Montag, 20. November 2023

Nicht nur mit geliehener Zunge

122. AUTORENPROJEKT

19:00
Franz Josef Czernin geliehene zungen Gedichte. Carl Hanser Verlag
20:00
Theresia Prammer Similitudini Ein Bildersturm
Paul-Henri Campbell Schnee ist das Blut der Geister Manuskript, dt./engl.
Thomas Eder MODERATION
Franz Josef Czernin KONZEPT, GESPRÄCHSMITWIRKUNG

Ein Gedicht zu schreiben ist oft eine Weise, bei anderen Dingen, und nicht nur bei anderen Gedichten, Anleihen zu nehmen, das heisse hier auch: etwas von ihnen zu übertragen. Das beginnt oder endet mit einer Form, mit Reimen etwa oder Metren, und reicht über Motive bis zu Dingen jenseits von Sprache, bis zu allen möglichen Wirklichkeiten vielleicht. Umgekehrt, so eine schöne poetologische Utopie, könnten alle möglichen Wirklichkeiten das sein, was immerzu bei Gedichten Anleihen nimmt, etwas von ihnen überträgt. Das endet oder beginnt dann mit einem Atom, einem Staubkorn, einem Gedanken oder eben mit einem Gedicht.

F. J. Czernin

In den grotesken Gedichten des Bandes geliehene zungen erschließt Franz Josef Czernin auch das Feld des Körperlichen, Abstrusen, Ausufernden, Exzessiven und Tabuisierten. Das generische, all-anwendbare Offenhalten, das in seinen früheren Gedichten häufig den Pronomina und den Funktionswörtern zugewandt war, ist in diesen Gedichten in die saftigen Semantikkörper der Nomina, Verben und Adjektive verlagert. Die Gedichte variieren Redewendungen, die ineinander verwunden werden und damit aus dem kurzschlussartigen ihres gesamthaften Bedeutens in den erlebenden Nachvollzug ihrer mehreren Bedeutungskerne ausgreifen, sie sind zugleich wörtlich und übertragen, zugleich banal und erhaben. Es entstehen Neologismen durch hart gefügte Komposita, es wirken Mehrfachdetermination zwischen Klang und Sinn, Stellungsparallelismen, Wortartentravestien.

T. Eder

Franz Josef Czernin, *1952, lebt in der Steiermark und in Wien. Gedichte (u.a. mehrere Sonett-Sammlungen), literaturkritische Schriften, Aphorismen. Zuletzt u.a.: reisen, auch winterlich. Gedichte (2019).

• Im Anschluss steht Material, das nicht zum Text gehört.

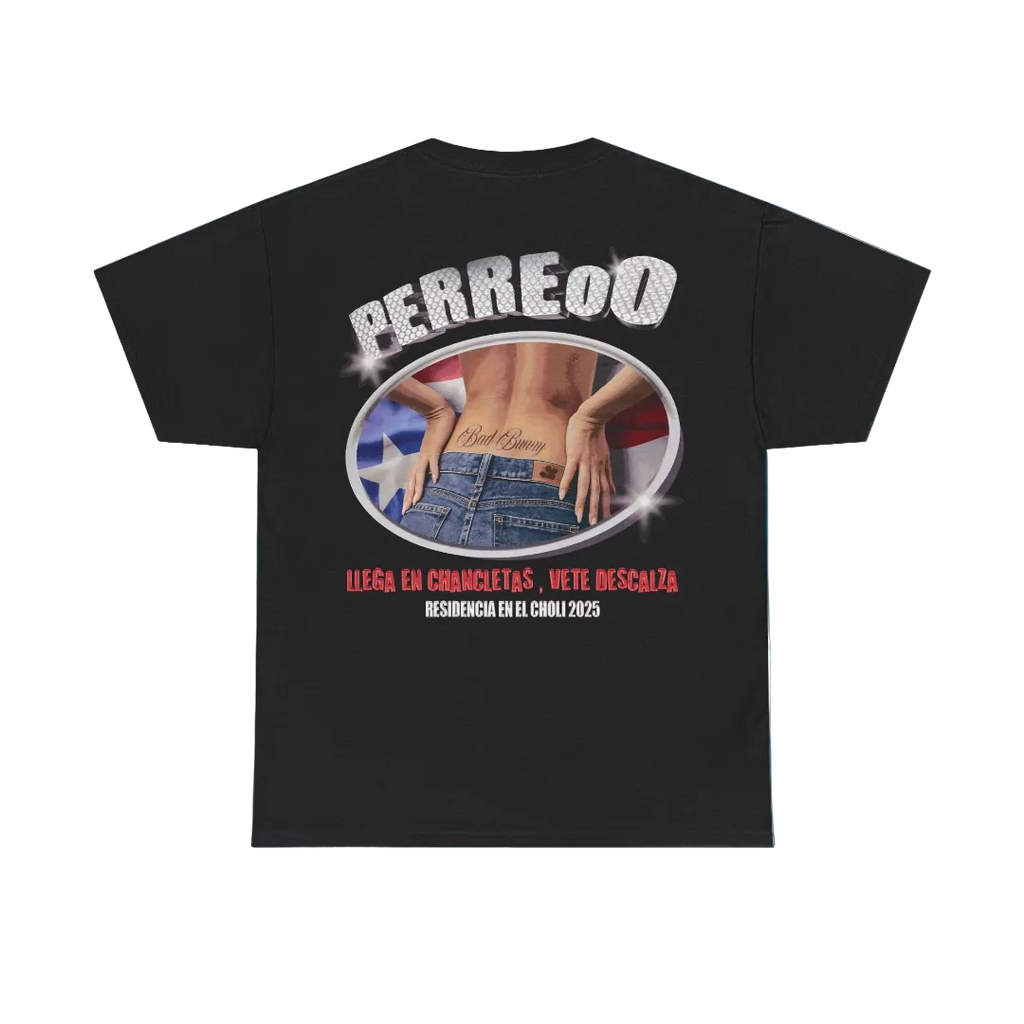 Black t-shirt with graphic design on a blue background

Theresia Prammer, *1973. Essays, Schwerpunkt-Dossiers, Übersetzungen aus dem Italienischen, Französischen und vom Deutschen ins Italienische, Veranstaltungs- und Herausgabetätigkeit. Zuletzt u.a.: Pier Paolo Pasolini: Ein Unfall im Kosmos (Hg. und Üs., 2023).

Paul-Henri Campbell, *1982 in Boston, Studium der Katholischen Theologie und Klassischen Philologie, lebt in Frankfurt und Wien. Zuletzt: innere organe. Gedichte (2022).

Thomas Eder, *1968, Literaturwissenschaftler, Referatsleiter im Bundeskanzleramt. Zuletzt: Oswald Wieners Theorie des Denkens. Gespräche und Essays zu Grundfragen der Kognitionswissenschaft (Hg. m. T. Raab u. M. Schwarz, 2023).